Pakistan, Iran agree wheat price in barter deal
ISLAMABAD Aug 9 (Reuters) - Pakistan has agreed a price for 1 million tonnes of wheat it will export to Iran in a barter deal, a senior Pakistani official involved in the negotiations said on Thursday.
The deal, first proposed in March with Iran exporting fertiliser and iron ore to Pakistan in exchange for wheat, has been deadlocked for months over price and quality.
Iran's attempts to secure millions of tonnes of wheat through barter deals with Pakistan and India, avoiding Western sanctions aimed at deterring its nuclear programme, have faltered. Tehran faces premium prices in international markets to secure critical food supplies.
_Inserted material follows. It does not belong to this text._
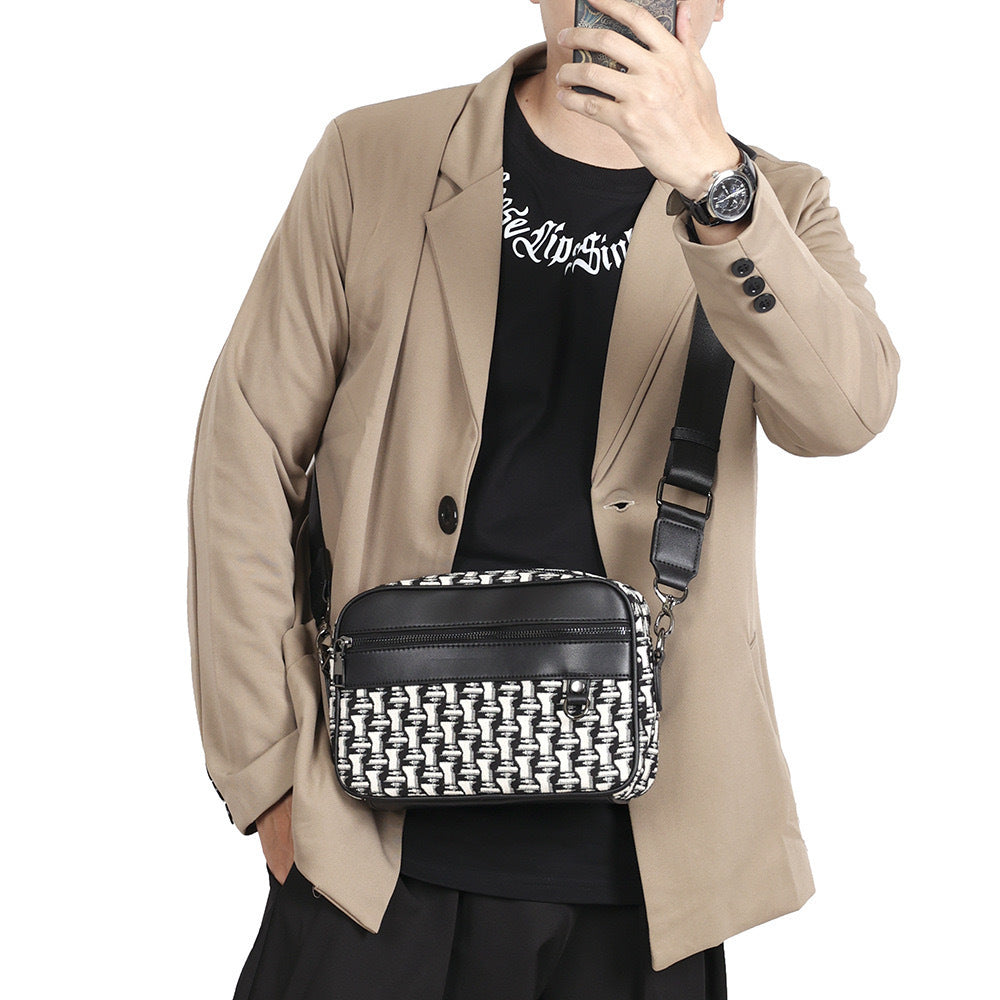 Elegant shoulder bag with structured design Bowlift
Food imports are not targeted under the sanctions, but Iranian companies have been cut off from much of the global banking system because of the financial measures against Tehran, making payments difficult and discouraging traders.
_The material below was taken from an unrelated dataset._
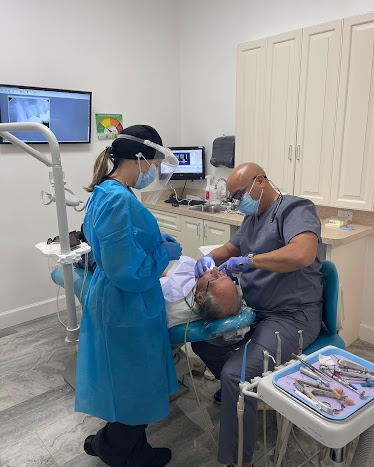 Dr. Fonseca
Iran will import wheat at $300 per tonne, the official from Pakistan's Ministry of National Food Security and Research told Reuters. The official requested anonymity as he was not authorised to speak to the media.
"The price for wheat has been agreed, at $300 dollars per tonne, but Iranian officials still have to visit Pakistan to check the quality of the wheat before shipments can be finalised," the official said.
"We also have to wait for discussions on the price of fertiliser and iron that will come to Pakistan. I don't expect further movement on this until the end of August."